Intern Assassins, Deadly Manuscripts, and Other Must-Read Mysteries & Thrillers
If you want a relaxing read, mysteries and thrillers probably aren’t for you. But if you’re up for an exhilarating and maddening reading experience, this spring’s releases have great things in store: Bite your nails through Josh Malerman’s chilling debut, revisit a thrilling favorite with a Philip Marlowe revival, and prepare for many a sleepless night after catching up on Mo Hayder’s latest Jack Caffery novel.
Bringing to mind the taut psychological thriller Funny Games, two men force their way into a wealthy family’s home and hold them for ransom. The family members quickly become aware that they weren’t randomly selected—these men are living out a personal vendetta. In Mo Hayder’s seventh Jack Caffery novel, the Detective Inspector races against the clock to save the family, all while bargaining with the Walking Man for information about the childhood abduction of his brother.
Civil war has just erupted in Libya, but over in Budapest, Sophie Kohl is in her own waking hell. Her diplomat husband has been shot in the head, and the only person she can turn to is Stan Bertolli, the CIA agent she had an affair with in Cairo. In this tale of deception and espionage, Olen Steinhauer delivers a thrilling standalone novel sure to please fans of his acclaimed Milo Weaver trilogy.

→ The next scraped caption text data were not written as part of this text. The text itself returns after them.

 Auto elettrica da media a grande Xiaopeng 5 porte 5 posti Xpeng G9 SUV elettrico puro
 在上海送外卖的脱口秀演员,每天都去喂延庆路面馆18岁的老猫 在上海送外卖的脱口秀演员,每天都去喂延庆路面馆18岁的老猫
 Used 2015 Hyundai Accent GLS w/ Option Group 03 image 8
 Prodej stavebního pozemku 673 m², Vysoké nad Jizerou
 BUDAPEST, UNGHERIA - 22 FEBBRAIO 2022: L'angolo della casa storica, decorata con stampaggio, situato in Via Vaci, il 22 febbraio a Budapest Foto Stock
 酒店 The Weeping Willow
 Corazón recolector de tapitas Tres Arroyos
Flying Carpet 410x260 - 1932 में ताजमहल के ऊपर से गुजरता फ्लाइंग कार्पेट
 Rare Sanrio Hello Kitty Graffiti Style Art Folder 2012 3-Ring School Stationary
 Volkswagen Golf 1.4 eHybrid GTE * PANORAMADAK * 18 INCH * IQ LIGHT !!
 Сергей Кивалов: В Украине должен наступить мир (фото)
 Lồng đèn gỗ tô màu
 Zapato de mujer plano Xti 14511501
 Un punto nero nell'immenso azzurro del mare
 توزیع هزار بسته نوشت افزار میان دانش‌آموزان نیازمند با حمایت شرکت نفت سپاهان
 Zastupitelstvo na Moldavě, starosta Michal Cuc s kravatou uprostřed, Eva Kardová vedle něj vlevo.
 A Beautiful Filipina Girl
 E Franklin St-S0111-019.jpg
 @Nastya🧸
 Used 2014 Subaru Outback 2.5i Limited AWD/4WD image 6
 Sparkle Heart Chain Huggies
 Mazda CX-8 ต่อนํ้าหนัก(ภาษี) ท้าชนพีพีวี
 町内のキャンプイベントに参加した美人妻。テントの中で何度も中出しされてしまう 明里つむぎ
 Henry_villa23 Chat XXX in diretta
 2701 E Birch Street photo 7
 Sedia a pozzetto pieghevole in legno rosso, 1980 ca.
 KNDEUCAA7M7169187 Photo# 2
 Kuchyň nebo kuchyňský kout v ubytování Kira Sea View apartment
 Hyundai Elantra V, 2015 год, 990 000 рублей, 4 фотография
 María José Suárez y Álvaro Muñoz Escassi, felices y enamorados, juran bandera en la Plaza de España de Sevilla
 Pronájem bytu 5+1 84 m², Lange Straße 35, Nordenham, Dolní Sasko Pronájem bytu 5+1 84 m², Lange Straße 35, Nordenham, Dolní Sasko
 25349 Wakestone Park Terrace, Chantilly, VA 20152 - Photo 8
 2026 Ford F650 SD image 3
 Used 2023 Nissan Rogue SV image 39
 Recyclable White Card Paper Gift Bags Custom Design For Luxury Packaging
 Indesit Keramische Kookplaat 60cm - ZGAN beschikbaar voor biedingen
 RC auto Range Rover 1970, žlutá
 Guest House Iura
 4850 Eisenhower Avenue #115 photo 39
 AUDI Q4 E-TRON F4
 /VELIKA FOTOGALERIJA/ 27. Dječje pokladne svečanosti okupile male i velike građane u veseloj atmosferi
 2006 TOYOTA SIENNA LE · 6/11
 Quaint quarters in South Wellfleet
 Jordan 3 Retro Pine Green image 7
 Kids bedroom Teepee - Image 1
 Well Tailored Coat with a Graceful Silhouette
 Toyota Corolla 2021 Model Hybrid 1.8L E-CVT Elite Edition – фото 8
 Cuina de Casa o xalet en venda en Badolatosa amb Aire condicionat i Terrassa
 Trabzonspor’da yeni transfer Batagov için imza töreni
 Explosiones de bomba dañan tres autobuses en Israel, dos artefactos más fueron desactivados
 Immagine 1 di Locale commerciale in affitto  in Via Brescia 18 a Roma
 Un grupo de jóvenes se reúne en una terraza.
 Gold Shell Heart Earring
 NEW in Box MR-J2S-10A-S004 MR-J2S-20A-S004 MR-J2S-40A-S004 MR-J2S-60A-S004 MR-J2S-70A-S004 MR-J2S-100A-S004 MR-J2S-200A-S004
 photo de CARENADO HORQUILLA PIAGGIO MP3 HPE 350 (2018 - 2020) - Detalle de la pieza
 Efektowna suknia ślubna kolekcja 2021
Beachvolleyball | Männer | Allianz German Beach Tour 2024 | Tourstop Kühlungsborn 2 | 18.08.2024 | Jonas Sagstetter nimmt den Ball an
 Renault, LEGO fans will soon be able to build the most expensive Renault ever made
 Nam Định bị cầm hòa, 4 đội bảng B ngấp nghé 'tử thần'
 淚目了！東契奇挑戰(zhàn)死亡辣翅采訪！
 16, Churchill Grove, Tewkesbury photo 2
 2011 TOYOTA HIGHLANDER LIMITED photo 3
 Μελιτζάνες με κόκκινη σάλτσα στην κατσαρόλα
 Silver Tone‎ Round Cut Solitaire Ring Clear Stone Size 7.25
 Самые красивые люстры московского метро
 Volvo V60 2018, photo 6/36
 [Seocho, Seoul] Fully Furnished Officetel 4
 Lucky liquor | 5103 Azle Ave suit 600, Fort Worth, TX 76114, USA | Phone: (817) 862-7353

A doctor is found dead in a hotel room, and Detective Samantha Adams is tasked with figuring out what happened. She knows this: The doctor was heavily involved in the community, and was generally very well-liked by his peers. But as Adams’ investigation unfolds, it yields a shocking revelation: He was married to three women in three different cities. All three wives show up to the doctor’s funeral, and chaos ensues. Alice LaPlante spins a gripping and unnerving tale about marriage and deception.
Beloved detective Philip Marlowe of Raymond Chandler’s The Big Sleep is back—and Benjamin Black (a pen name of John Banville’s) has taken Chandler’s character to Bay City, California, in the 1950s. Marlowe takes on a new case concerning a beautiful woman’s missing former lover, Nico Peterson. In his search for Peterson, Marlowe encounters a web of deceit ensnaring many of Bay City’s most prominent families. Continuing the story of the mystery genre’s much-loved protagonist must have been a significant challenge for Black, but he delivers a novel that is tonally and thematically on point, and is sure to delight Raymond Chandler fans.
They say there are two sides to every story. In this reimagining of Robert Louis Stevenson’s classic tale of a man split between two moral grounds, debut author Daniel Levine delves into the personality of Mr. Hyde, who shares a mind and body with Dr. Jekyll. Kept dormant with potions, Hyde awakens to a world where girls have gone missing and all evidence is pointing towards him. Hesitant memories and blurred consciousness terrify and confuse Hyde. Is he truly responsible for actions committed by his hand but not his mind? What makes this reimagining especially captivating is how Levine reveals that Dr. Jekyll may not be as good-hearted as he seems.
In the summer of 2005, Kate Mosse’s archaeological mystery Labyrinth climbed the ranks to become the second-bestselling book in the United Kingdom, after The Da Vinci Code. In the thrilling conclusion to the Languedoc Trilogy, readers follow “Citadel”—an all-female group of Resistance fighters. As they smuggle exiles out of Nazi-occupied France, they also stand strong in protecting an ancient secret that can never fall into the wrong hands.
HR, Inc. operates under one overarching principle: No one notices the interns. That’s why HR, Inc. employee John Lago, who infiltrates high-profile companies as an intern, is such a successful hit man. At 25, Lago is nearing the end of the window where he can convincingly pose as an intern, but he has one last assignment: Take out one of the partners at a major law firm in New York City. This thriller by Shane Kuhn will keep readers on the edge of their seats, but also impart some strategic wisdom to aspiring intern-assassins.
This March release from Chris Pavone is already generating bestseller buzz. A follow-up to his smash success The Expats, The Accident opens with a literary agent glued to the final pages of an anonymous manuscript. Unimaginable secrets are contained within, penned by an author attempting to atone for his own sins. The publication could ruin powerful reputations and companies, but protecting it may cost her her life.
The end is near—that much seems certain in Josh Malerman’s terrifying psychological thriller Bird Box. In a calm, pretty suburb of Detroit, something sinister is happening. Malorie doesn’t know much, other than that once you see it—whatever “it” is—you go insane and become intensely violent until you’ve committed suicide, homicide, or both. Malorie must train her children to survive—and this means no peeking, ever. She boards up the windows and doors, and shuts out the outside world for as long as she can. Malerman’s Bird Box is intensely creepy, and not recommended for anyone counting on a good night’s sleep.